Source records
Content starts

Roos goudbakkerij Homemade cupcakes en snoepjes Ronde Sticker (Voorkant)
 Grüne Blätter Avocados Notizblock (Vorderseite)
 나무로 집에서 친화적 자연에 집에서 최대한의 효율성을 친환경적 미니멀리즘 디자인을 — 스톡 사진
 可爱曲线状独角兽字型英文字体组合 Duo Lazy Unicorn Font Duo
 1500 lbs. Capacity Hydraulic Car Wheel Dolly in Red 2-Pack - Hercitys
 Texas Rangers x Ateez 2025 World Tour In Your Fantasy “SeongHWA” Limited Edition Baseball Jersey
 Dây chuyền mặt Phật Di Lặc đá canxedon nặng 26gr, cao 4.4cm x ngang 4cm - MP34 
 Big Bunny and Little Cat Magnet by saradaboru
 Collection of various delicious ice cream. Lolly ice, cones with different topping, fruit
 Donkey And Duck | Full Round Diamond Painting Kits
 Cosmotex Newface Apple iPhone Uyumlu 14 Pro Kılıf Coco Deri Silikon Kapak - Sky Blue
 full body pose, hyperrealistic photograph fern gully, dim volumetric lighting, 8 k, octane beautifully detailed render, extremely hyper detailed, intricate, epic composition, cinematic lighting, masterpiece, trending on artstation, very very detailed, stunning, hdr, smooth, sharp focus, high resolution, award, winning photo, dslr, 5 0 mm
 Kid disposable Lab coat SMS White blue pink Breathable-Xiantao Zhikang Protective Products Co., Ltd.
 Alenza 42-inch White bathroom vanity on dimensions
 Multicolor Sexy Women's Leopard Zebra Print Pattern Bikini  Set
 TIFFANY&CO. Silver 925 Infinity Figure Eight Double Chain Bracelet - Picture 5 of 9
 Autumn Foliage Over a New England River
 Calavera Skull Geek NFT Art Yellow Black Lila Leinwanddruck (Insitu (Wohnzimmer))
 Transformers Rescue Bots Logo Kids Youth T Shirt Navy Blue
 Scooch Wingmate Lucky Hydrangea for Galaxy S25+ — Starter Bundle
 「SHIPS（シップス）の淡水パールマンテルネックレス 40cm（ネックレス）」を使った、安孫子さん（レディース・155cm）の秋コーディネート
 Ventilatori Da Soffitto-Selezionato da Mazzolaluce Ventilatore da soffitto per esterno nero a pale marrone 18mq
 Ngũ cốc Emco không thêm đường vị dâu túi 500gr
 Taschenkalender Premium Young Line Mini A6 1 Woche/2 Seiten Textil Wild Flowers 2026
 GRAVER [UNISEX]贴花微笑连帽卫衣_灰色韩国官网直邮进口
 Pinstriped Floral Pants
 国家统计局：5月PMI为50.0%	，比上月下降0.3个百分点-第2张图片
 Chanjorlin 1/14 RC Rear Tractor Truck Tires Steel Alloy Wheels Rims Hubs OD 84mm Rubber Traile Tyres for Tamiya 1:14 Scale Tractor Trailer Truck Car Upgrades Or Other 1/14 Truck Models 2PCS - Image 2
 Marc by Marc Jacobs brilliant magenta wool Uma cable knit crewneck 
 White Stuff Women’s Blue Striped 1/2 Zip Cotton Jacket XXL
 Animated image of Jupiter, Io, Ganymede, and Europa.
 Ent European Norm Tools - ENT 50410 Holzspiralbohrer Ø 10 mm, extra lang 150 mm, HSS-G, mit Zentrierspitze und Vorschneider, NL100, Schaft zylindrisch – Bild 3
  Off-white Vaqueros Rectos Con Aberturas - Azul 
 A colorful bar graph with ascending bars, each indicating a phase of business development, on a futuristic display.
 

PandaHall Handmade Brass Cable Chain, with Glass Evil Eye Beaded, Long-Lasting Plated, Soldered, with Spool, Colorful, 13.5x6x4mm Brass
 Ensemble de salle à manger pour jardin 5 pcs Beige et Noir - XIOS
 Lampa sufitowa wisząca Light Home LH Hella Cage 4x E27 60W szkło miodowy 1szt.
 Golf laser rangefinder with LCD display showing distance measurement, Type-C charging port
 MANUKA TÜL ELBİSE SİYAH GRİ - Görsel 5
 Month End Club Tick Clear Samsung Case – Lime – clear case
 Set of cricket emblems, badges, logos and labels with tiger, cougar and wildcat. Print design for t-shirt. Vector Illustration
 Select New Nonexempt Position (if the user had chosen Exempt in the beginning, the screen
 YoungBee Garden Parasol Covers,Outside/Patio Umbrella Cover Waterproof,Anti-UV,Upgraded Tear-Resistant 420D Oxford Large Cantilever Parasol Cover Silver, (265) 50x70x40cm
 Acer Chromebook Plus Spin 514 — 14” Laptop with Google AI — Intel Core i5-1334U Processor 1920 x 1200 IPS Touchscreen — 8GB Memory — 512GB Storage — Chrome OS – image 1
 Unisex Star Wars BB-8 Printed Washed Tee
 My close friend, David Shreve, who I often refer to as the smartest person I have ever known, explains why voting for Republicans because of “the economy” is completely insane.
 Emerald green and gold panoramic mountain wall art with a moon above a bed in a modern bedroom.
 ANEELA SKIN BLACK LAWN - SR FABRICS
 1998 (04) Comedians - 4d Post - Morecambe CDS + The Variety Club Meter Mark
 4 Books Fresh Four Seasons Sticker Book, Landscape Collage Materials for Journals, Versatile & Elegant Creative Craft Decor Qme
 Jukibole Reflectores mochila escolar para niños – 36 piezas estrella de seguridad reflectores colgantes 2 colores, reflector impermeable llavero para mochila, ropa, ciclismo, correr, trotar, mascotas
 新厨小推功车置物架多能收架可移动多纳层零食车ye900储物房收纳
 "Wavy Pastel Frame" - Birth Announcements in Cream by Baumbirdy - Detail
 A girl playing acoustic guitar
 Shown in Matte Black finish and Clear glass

Content ends

What you have to do
Looking at the data above, write out exactly the lines that start at the one containing "GRAVER [UNISEX]贴花微笑连帽卫衣_灰色韩国官网直邮进口" and end at the one containing "Ensemble de salle"; include both and nothing beyond.

Task response
 GRAVER [UNISEX]贴花微笑连帽卫衣_灰色韩国官网直邮进口
 Pinstriped Floral Pants
 国家统计局：5月PMI为50.0%	，比上月下降0.3个百分点-第2张图片
 Chanjorlin 1/14 RC Rear Tractor Truck Tires Steel Alloy Wheels Rims Hubs OD 84mm Rubber Traile Tyres for Tamiya 1:14 Scale Tractor Trailer Truck Car Upgrades Or Other 1/14 Truck Models 2PCS - Image 2
 Marc by Marc Jacobs brilliant magenta wool Uma cable knit crewneck 
 White Stuff Women’s Blue Striped 1/2 Zip Cotton Jacket XXL
 Animated image of Jupiter, Io, Ganymede, and Europa.
 Ent European Norm Tools - ENT 50410 Holzspiralbohrer Ø 10 mm, extra lang 150 mm, HSS-G, mit Zentrierspitze und Vorschneider, NL100, Schaft zylindrisch – Bild 3
  Off-white Vaqueros Rectos Con Aberturas - Azul 
 A colorful bar graph with ascending bars, each indicating a phase of business development, on a futuristic display.
 

PandaHall Handmade Brass Cable Chain, with Glass Evil Eye Beaded, Long-Lasting Plated, Soldered, with Spool, Colorful, 13.5x6x4mm Brass
 Ensemble de salle à manger pour jardin 5 pcs Beige et Noir - XIOS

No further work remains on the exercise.